Sentimen
HWDI: Implementasi Undang-Undang Disabilitas Masih Jauh dari Harapan
Republika.co.id Jenis Media: Nasional
Ketidakpahaman penyelenggara negara pada UU Disabilitas berdampak pada aksesabilitas
REPUBLIKA.CO.ID, JAKARTA -- Ketua Himpunan Wanita Disabilitas Indonesia (HWDI) Maulani Agustiah Rotinsulu mengatakan saat ini implementasi Undang-Undang disabilitas masih jauh dari harapan sejak disahkan pada tahun 2016. Berdasarkan kajian dan monitoring HWDI di 10 kota di Indonesia, mayoritas SKPD (Satuan Kerja Perangkat Daerah) masih belum mengerti sama sekali tentang konsepsi pemenuhan hak-hak penyandang disabilitas.
"Jadi kami melihat gaps atau challengenya informasi dari Undang-undang Nomor 8 Tahun 2016 ini belum sampai ke tingkat kabupaten-kota.
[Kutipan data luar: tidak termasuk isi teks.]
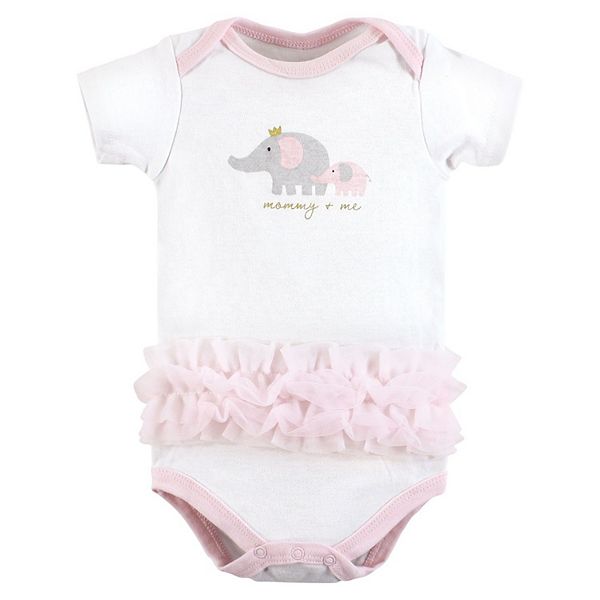 Боди для девочки, cotton, pink gray elephant, 3-6 months Hudson Baby — фото 3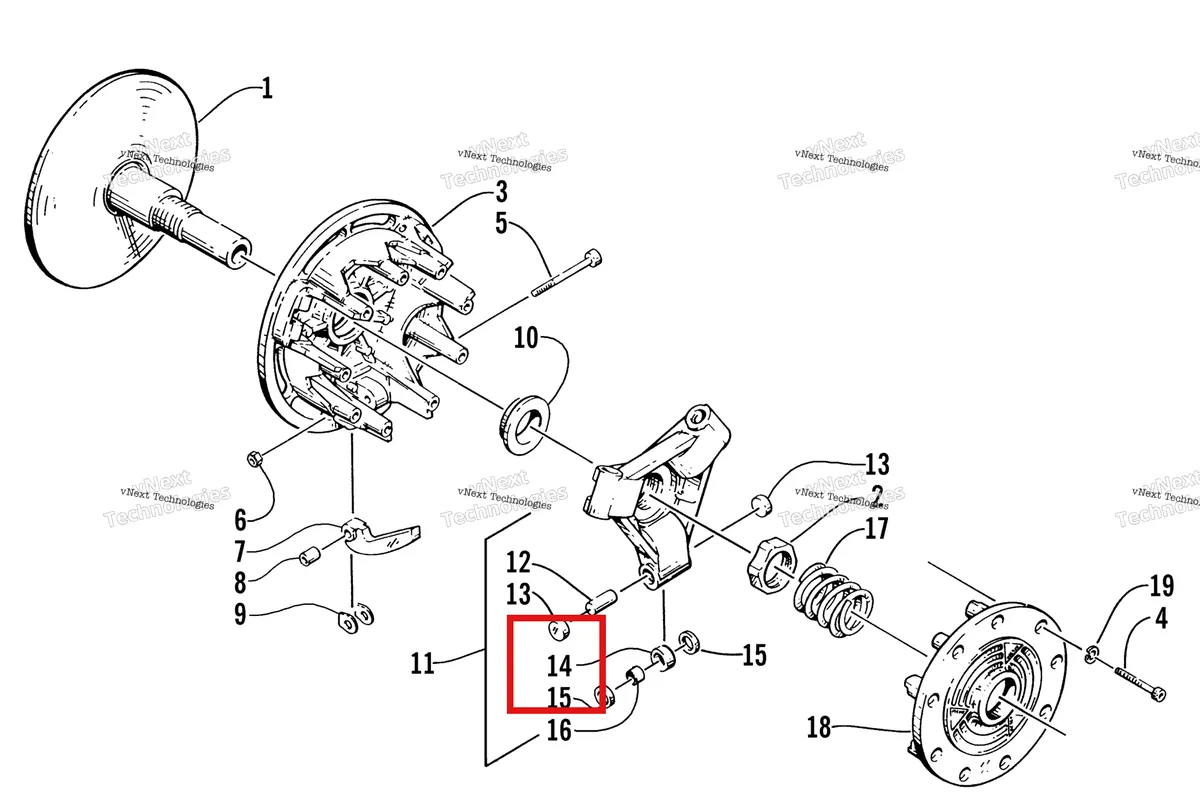 Деталь 0746-067 на схеме узла Drive Clutch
Saya rasa itu yang kita lihat gapsnya, tapi di tatanan undang-undang atau peraturan-peraturan di tingkat nasional itu sudah cukup baik dan responsif," ujar Ketua Umum HWDI, Maulani Agustiah Rotinsulu kepada awak media di High-level Intergovernmental Meeting on the Final Review of the Asian and Pacific Decade of Persons with Disabilities: 2013-2022 (HLIGM-FRPD), di Hotel Fairmont Jakarta, pada Kamis, (20/10/2022).
Ketidakpahaman para penyelenggara negara terhadap Undang-Undang Disabilitas berdampak terhadap aksesabilitas untuk disabilitas. Salah satunya terkait pemasangan guiding block atau jalur pemandu yang dipasang untuk membantu penyandang disabilitas ketika berjalan di area publik.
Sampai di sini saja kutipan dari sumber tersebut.